======== Data for processing
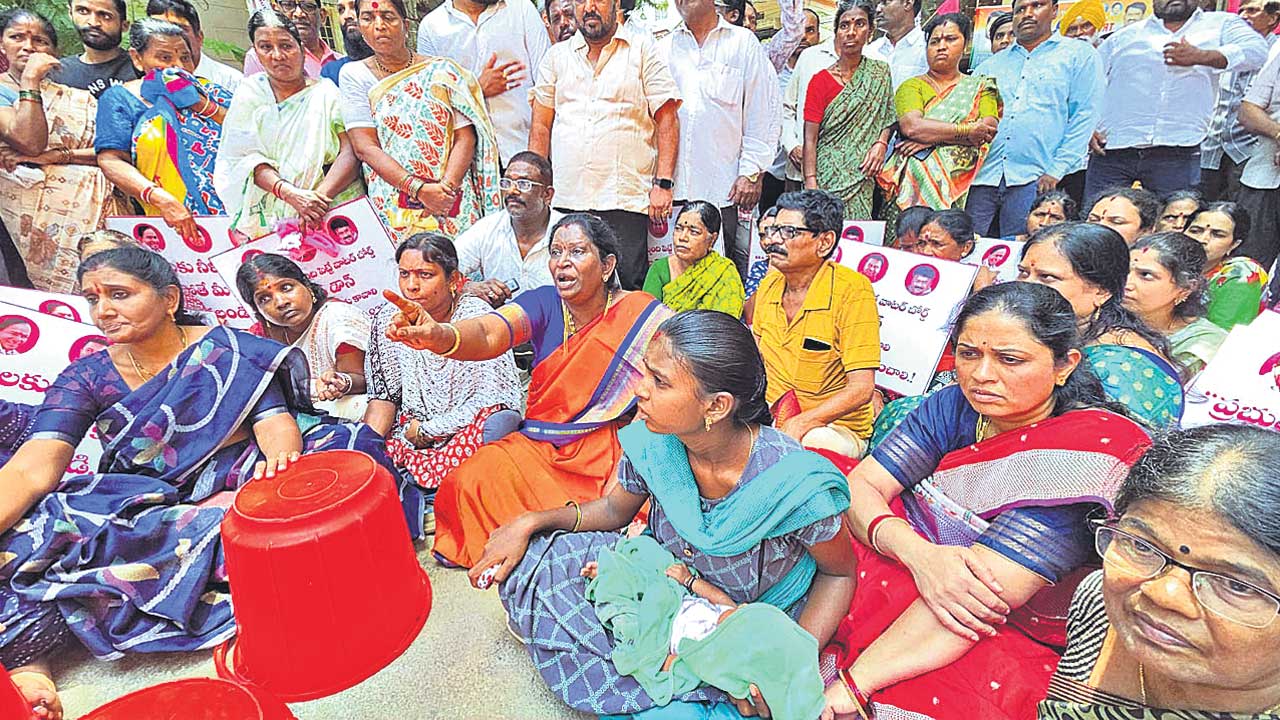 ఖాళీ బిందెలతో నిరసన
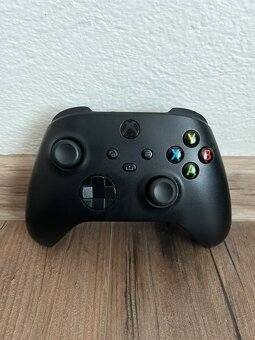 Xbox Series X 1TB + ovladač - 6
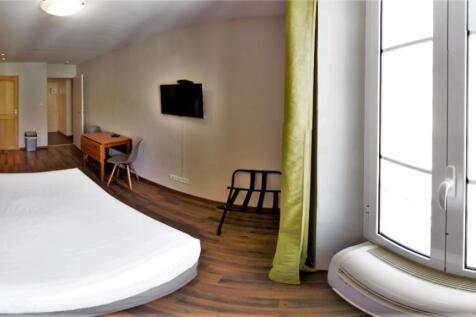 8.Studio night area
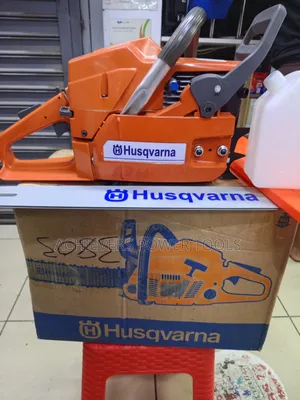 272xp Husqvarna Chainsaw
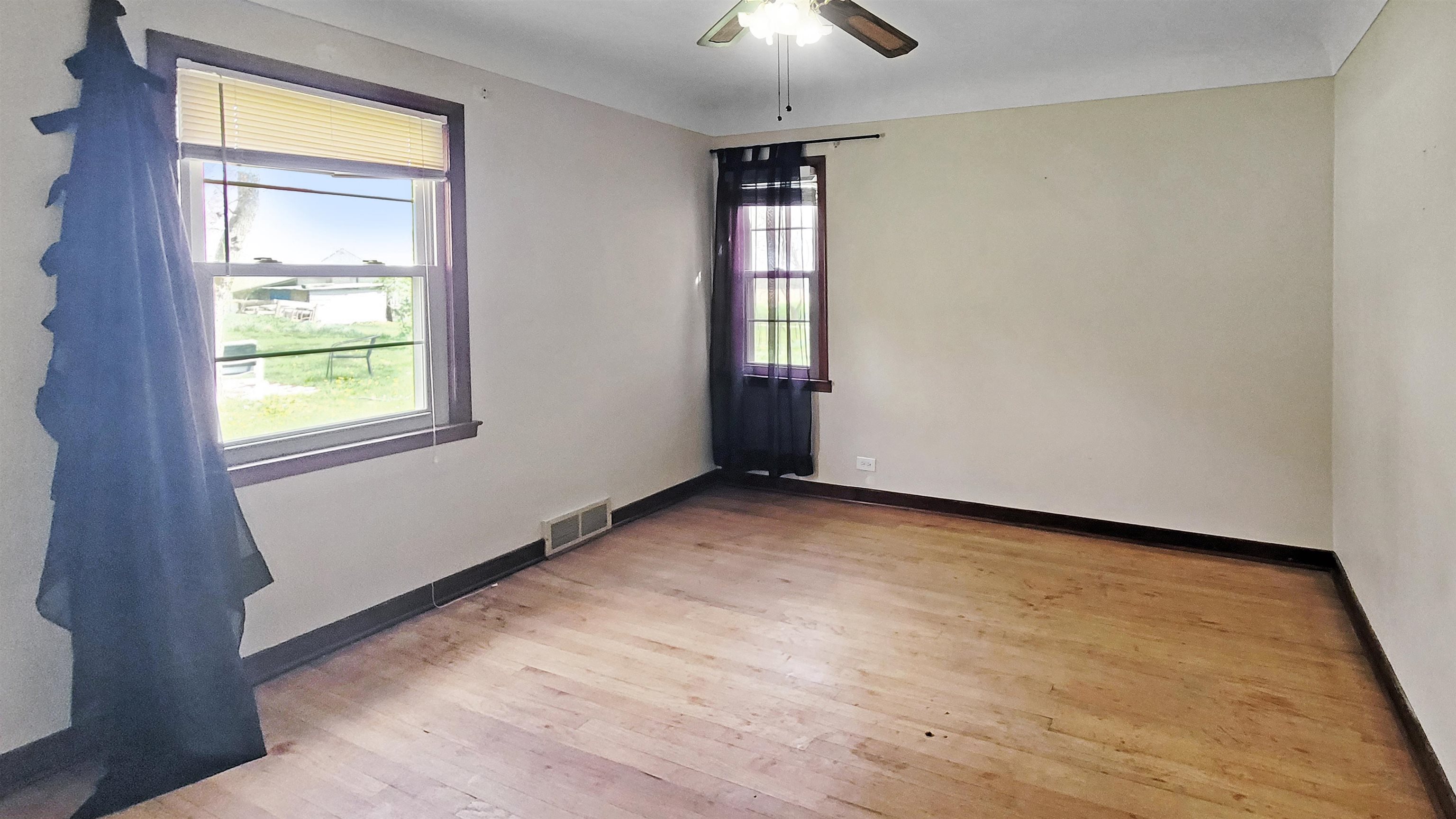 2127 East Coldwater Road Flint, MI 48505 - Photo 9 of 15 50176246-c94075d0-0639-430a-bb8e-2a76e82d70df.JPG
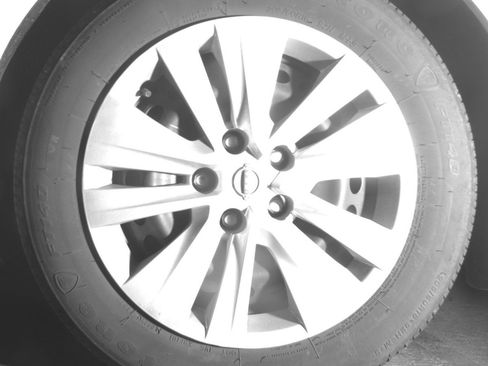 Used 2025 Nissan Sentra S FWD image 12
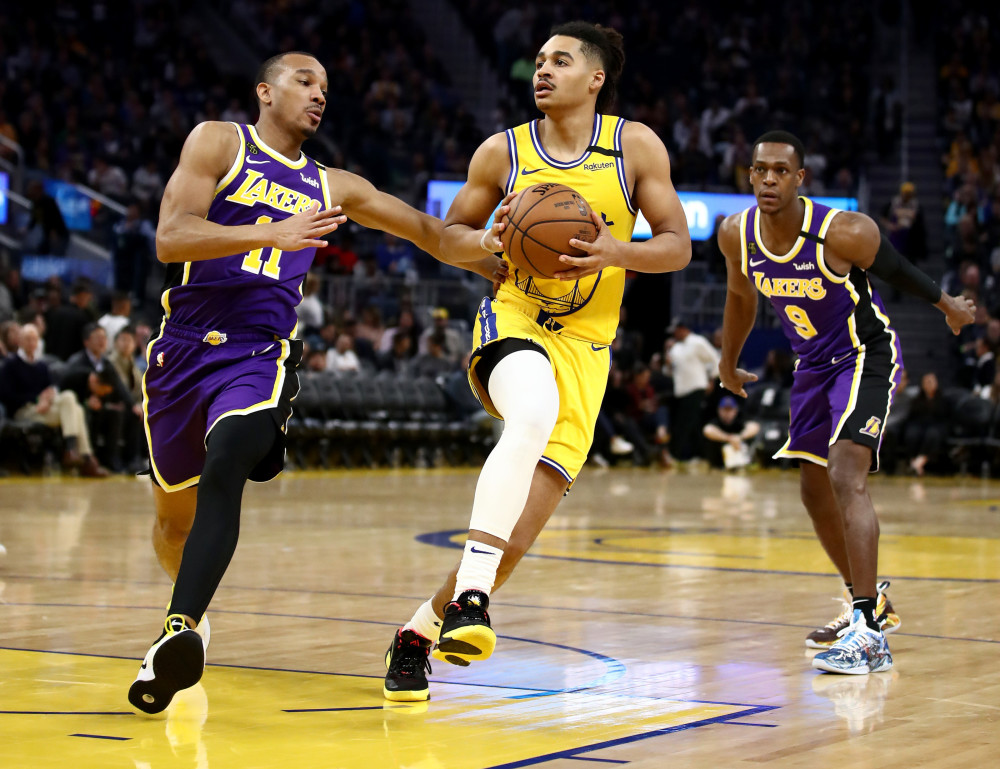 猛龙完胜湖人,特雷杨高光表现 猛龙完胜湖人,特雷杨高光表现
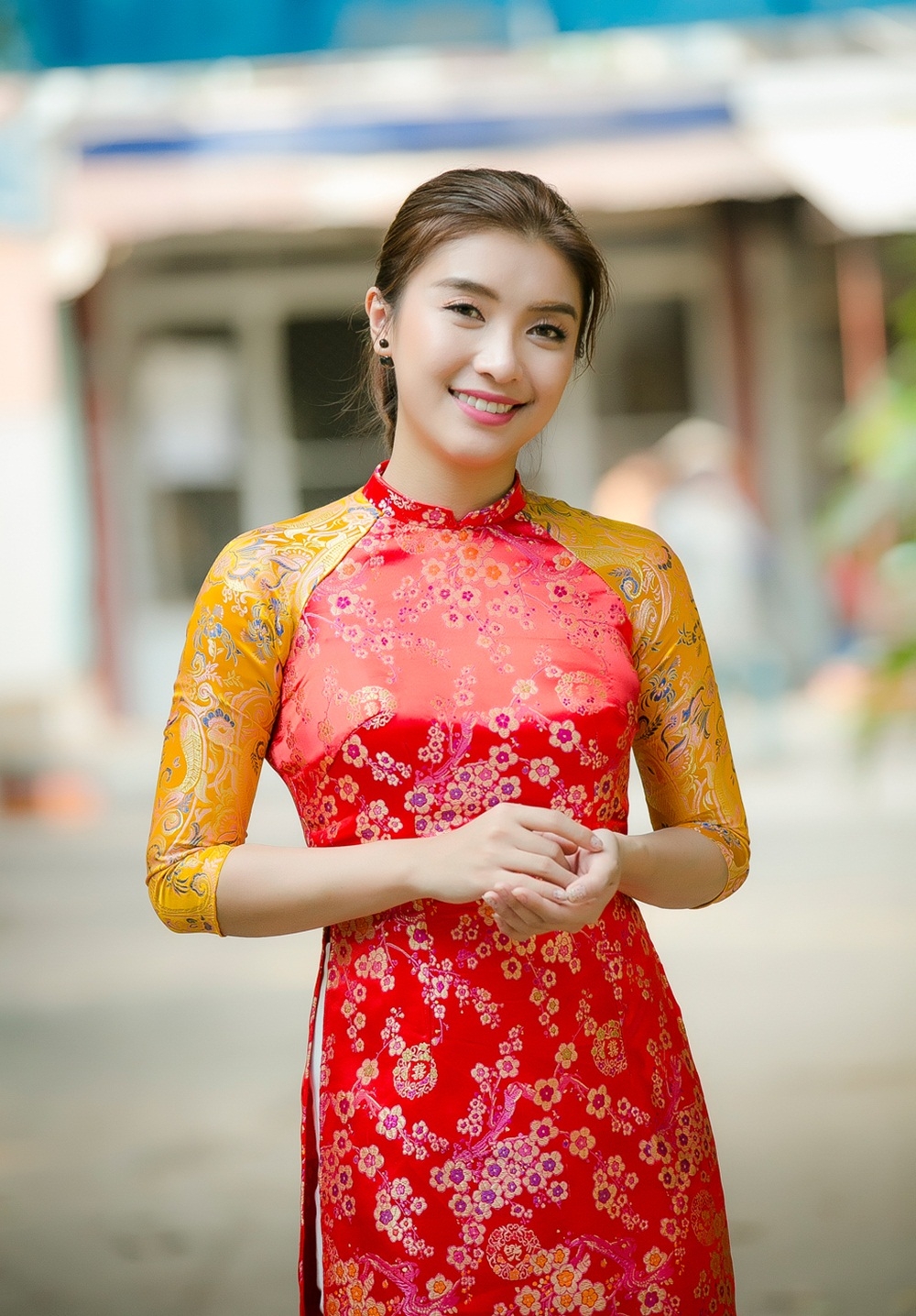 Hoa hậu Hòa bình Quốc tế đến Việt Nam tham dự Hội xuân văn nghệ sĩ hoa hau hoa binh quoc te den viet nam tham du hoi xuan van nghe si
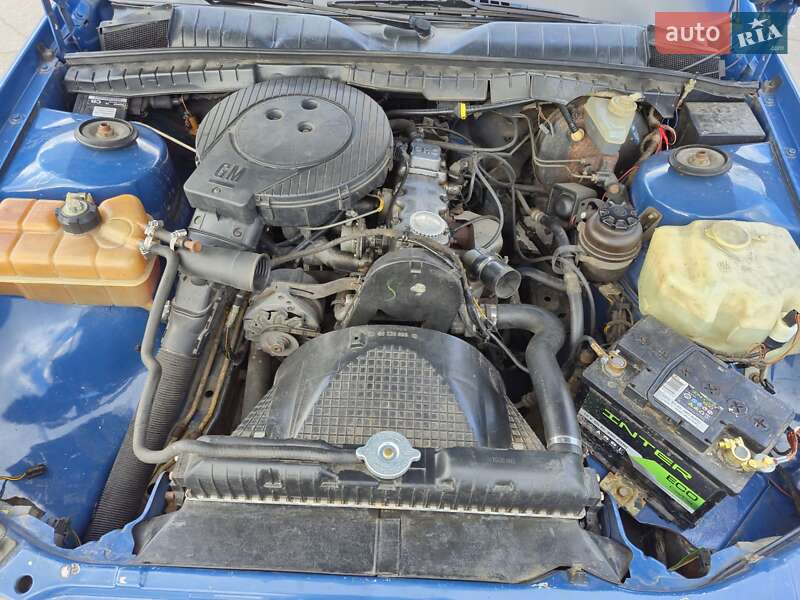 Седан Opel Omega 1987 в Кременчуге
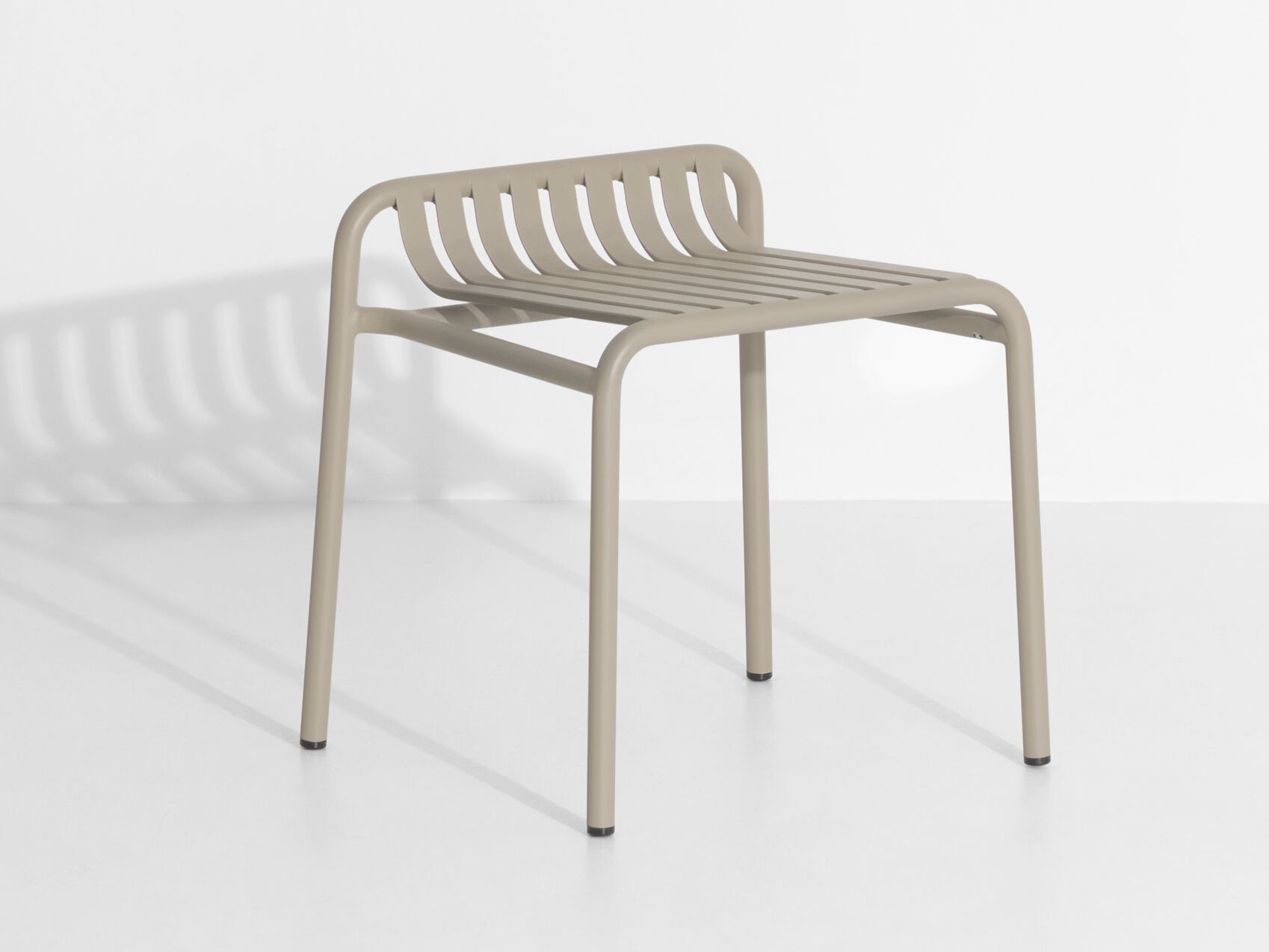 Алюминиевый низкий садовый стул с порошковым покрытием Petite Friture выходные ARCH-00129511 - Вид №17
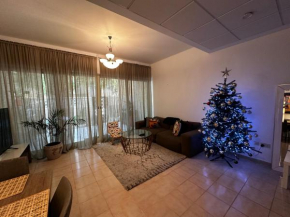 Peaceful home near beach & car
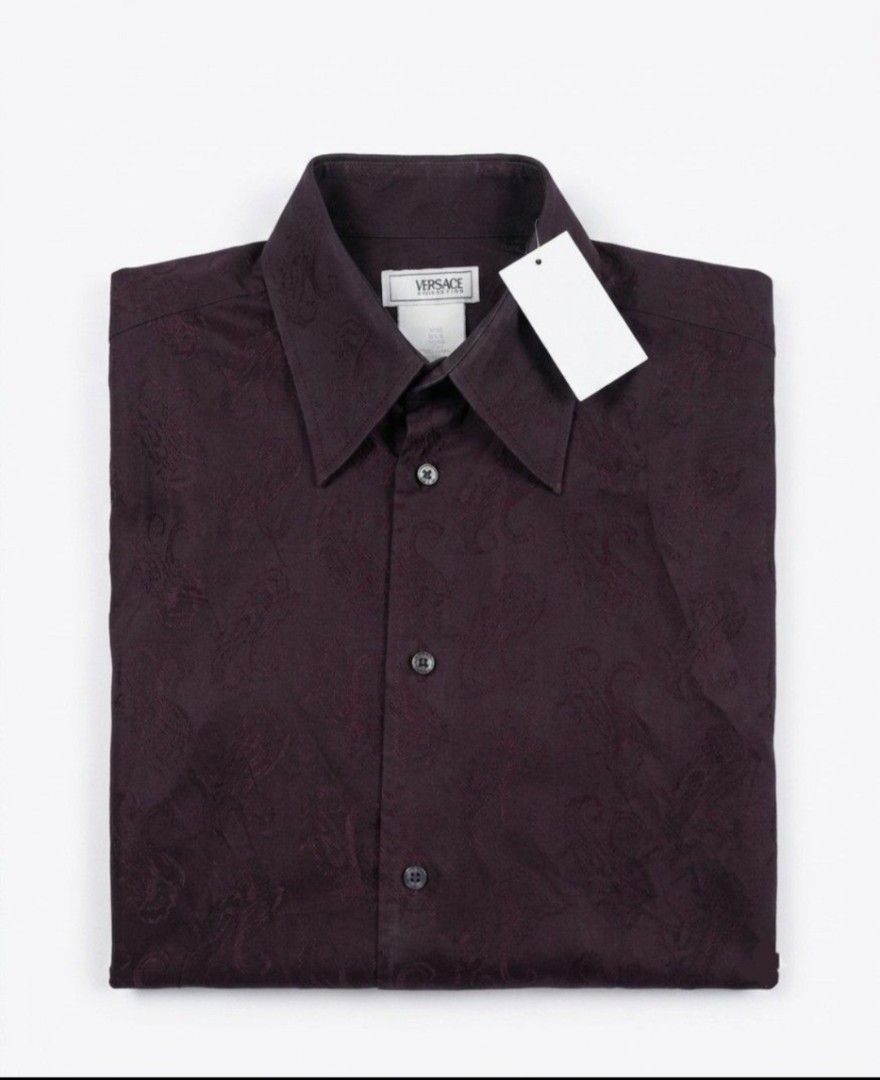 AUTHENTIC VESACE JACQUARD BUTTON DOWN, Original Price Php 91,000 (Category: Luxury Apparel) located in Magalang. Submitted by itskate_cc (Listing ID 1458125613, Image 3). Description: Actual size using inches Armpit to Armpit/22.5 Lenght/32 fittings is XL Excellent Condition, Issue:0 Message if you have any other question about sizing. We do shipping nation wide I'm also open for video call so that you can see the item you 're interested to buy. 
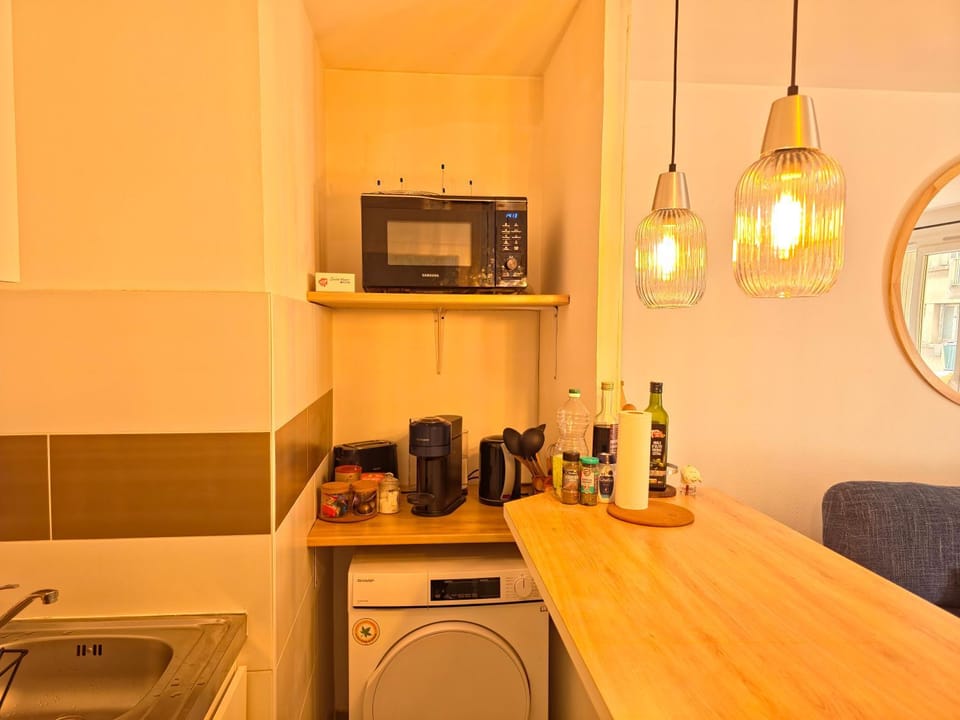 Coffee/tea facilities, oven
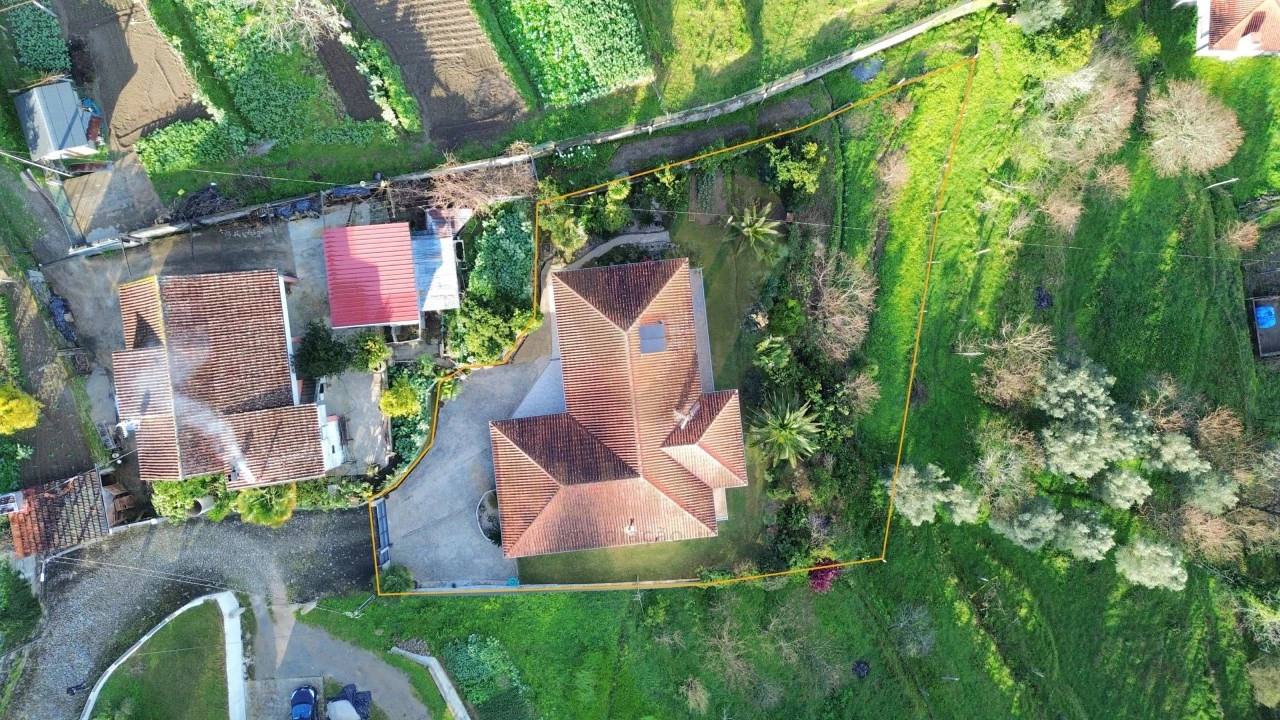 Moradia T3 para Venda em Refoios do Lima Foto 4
================
Your answer should consist of the lines above between those holding "Xbox Series X 1TB + ovladač - 6" and "Peaceful home near beach & car", inclusive, reproduced word for word and without pictures.

 Xbox Series X 1TB + ovladač - 6
 8.Studio night area
 272xp Husqvarna Chainsaw
 2127 East Coldwater Road Flint, MI 48505 - Photo 9 of 15 50176246-c94075d0-0639-430a-bb8e-2a76e82d70df.JPG
 Used 2025 Nissan Sentra S FWD image 12
 猛龙完胜湖人,特雷杨高光表现 猛龙完胜湖人,特雷杨高光表现
 Hoa hậu Hòa bình Quốc tế đến Việt Nam tham dự Hội xuân văn nghệ sĩ hoa hau hoa binh quoc te den viet nam tham du hoi xuan van nghe si
 Седан Opel Omega 1987 в Кременчуге
 Алюминиевый низкий садовый стул с порошковым покрытием Petite Friture выходные ARCH-00129511 - Вид №17
 Peaceful home near beach & car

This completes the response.